It was always the case that there was some blurriness where TV-based networks had some print-equivalent content and related ad sales on their websites produced by news divisions. Similarly, there was ambiguity as ostensibly pure-play digital platforms made some professional video or print-like content. But these initiatives were relatively small and, for practical purposes, indistinguishable from the media owner’s core focus and alignment with traditional media categories. Such observations historically informed why the data contained in This Year Next Year has included digital extensions of traditional media alongside traditional media in our headline numbers.

However, efforts by media owners to establish their offerings across different media types and a willingness among marketers to revisit what gets included in their definitions of media for planning and budgeting purposes appear to be increasingly significant. Traditional print publishers are building on their digital content offerings to include audio products such as podcasts. Digital platforms like YouTube that rely on user-generated or semi-professional content are increasingly considered to be comparable to television and, before long, a more significant share of their revenue will come from television-based budgets.

To be clear, we think that the notion of including digital extensions as subsets of traditional media is still the appropriate way to think about media plans, media budgets and ad revenues at an industry level, at least in most instances. Podcasting is still a very small share of newspaper publisher revenues, and it will be many years before YouTube represents more than a small share of total TV advertising. Still, we highlight that the definitions we use today and the buckets we group media into are far from universal, and far from permanent.

MEDIA CONCENTRATION

At around this time last year, we established data related to the global advertising revenue share held by the world’s largest media owners. We now have updated data to cover the revenues these companies generated during 2021 and our revised historical estimates for advertising in every market around the world.

Although some of the specific figures have changed, the broad trend continues much as we illustrated last year, with the world’s largest media owners accounting for a growing share of the industry. Specifically, we now estimate that the top 25 media owners represent 74% of global advertising.

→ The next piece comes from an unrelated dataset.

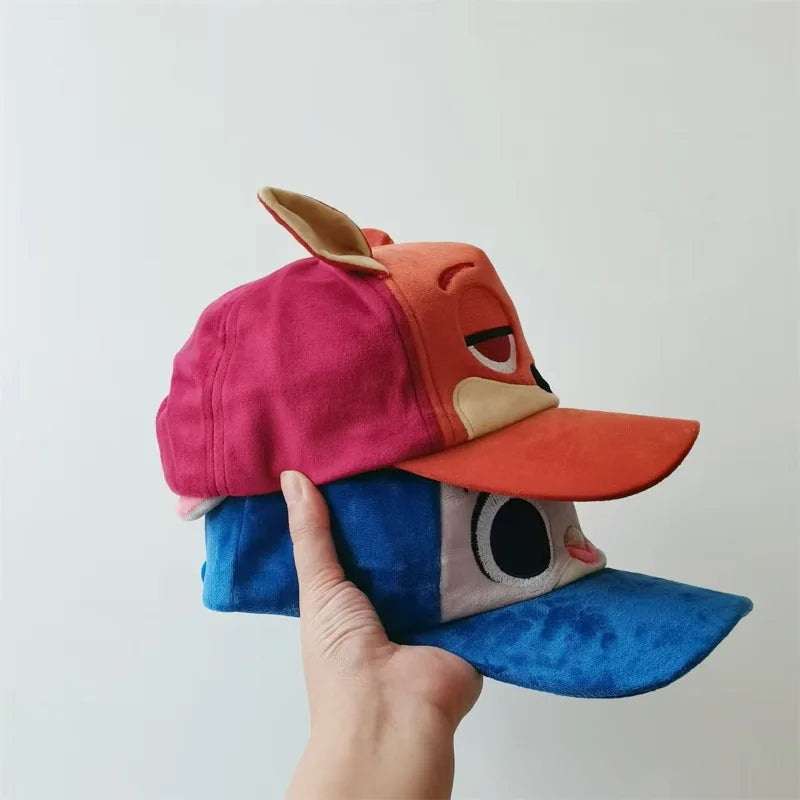 New Hot Cartoon Maniac Zootopia 2 Judith Nick Cute Cartoon Baseball Hat Duck Tongue Hat Leisure Travel Sunshade Photo Hat Gift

Outside of China, the top 17 companies represented 70% of global advertising in 2021, an increase from 44% in 2016. Importantly, while eight of the top 25 are Chinese-based media owners, their ad revenue remains largely mutually exclusive and collectively exhaustive with Chinese-based media owners generating almost all their revenue in China, and almost no ad revenue in China generated by non-Chinese companies reaching Chinese consumers in China. TikTok owner Bytedance is a notable, yet relatively minor, exception with only a small, if rapidly growing, share of its revenue outside China by our estimates.

Looking at the data a different way, consider that the top five sellers of advertising in 2021, a group including Google, Facebook, Alibaba, Bytedance and Amazon, generated $408 billion in ad revenue, or 53% of the global total.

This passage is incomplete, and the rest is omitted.